But instead of focusing on the history of the world as it might look from the point of view of, say, Merv or the ports of the Persian Gulf, The Silk Roads recapitulates a familiar (and familiarly Eurocentric) vision of history. Frankopan spends more paragraphs on early Christianity’s church councils than the entire context and history of Zoroastrianism, and more time on the life and conquests of Alexander than all of Tang China. The medieval crusading period is mostly dealt with from the perspective of Christian individuals — far fewer Islamic rulers and their responses to the conflicts of that period are spoken of than Christian ones.

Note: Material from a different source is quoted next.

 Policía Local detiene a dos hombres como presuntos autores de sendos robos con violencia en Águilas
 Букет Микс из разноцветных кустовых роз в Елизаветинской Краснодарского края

It’s just… this is not a new history, okay guys, this is the same old history and not a particularly illuminating version. I read S. Frederick Starr’s Lost Enlightenment: Central Asia’s Golden Age From The Arab Conquest To Tamerlane last year, and I was deeply impressed by his command of Central Asian sources, his ability to draw connections, his explanatory early history of Central Asia, and the way in which, despite focusing on a limited period, he wrote a history of intellectuals and scientific development that was, because of the connections, truly global. Starr’s achievement shows up Frankopan’s shallow engagement with non-Eurocentric histories and contexts for at least the first eighteen centuries of his history.

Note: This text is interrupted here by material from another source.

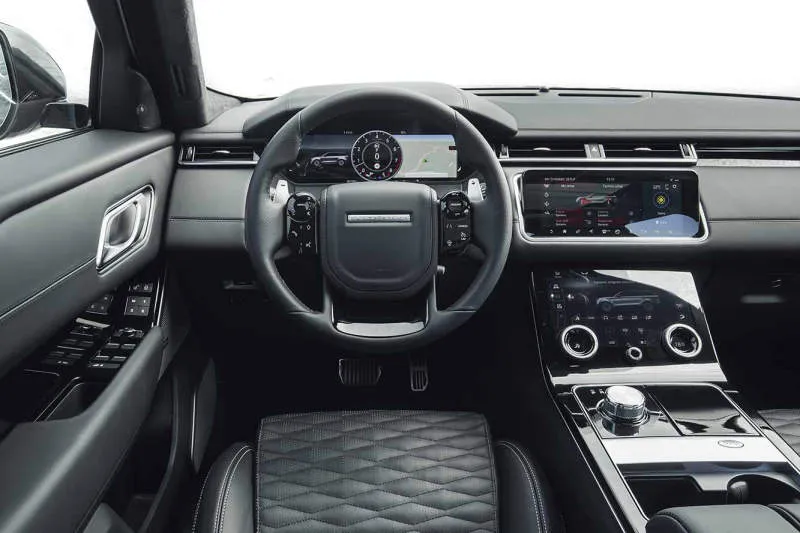 Desain Interior Mobil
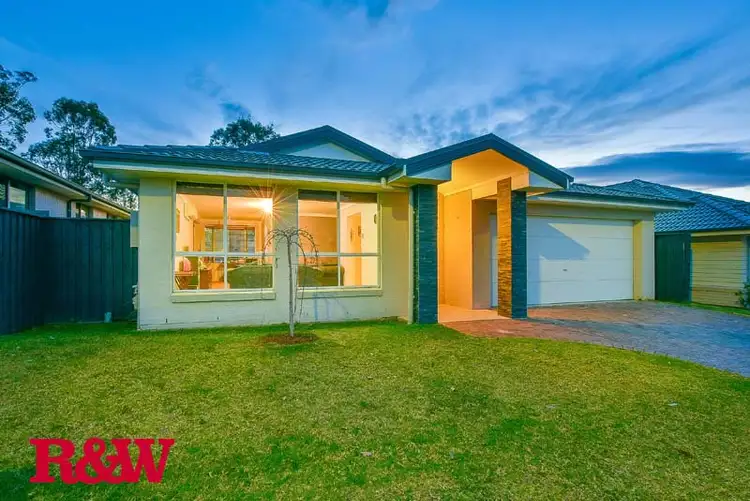 6 Gardiner Crescent, Elderslie NSW 2570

Before I throw up my hands and expectorate invective for my conclusion, I’m going to quote a paragraph from this book that added insult to injury — or perhaps injury on top of insult on top of insult, I’m not quite sure.
This is the second paragraph of the first page of the chapter entitled “The Slave Road.”
“The Rus’ were careful with their prisoners: ‘they treat the slaves well and dress them suitably, because for them they are an article of trade,’ noted one contemporary. Slaves were transported along the river systems — remaining chained while the rapids were negotiated. Beautiful women were particularly highly prized, sold on to merchants in Khazaria and Volga Bulgaria who would then take them further south – though not before their captors had sexual intercourse with them one last time.” (Frankopan, 2015, 117.)
And then he just — moves on, without contextualising any of this from a social history point of view, to talking about slavery as vital to Viking and Rus’ economies. No comment on what “treat[ing] the slaves well” might mean to the slaves themselves, no pointing out that transporting people in chains while negotiating rapids might not actually be treating them all that well, and no acknowledgement that having sexual intercourse with enslaved women is rape. You can say rape in a history book, Peter Frankopan! (And you can stop pretending that slaughtering the inhabitants of cities is just good business sense for conquerors, while you’re at it.) (And you can rephrase that whole paragraph to something less full of slavery apologia and rape culture assumptions, as well.)
So, basically. My reaction to these 180 pages is one part WHAT THE FUCK DID I JUST READ to three parts WHY THE FUCK ARE YOU BORING ME WITH THIS BULLSHIT.
Disrecommend.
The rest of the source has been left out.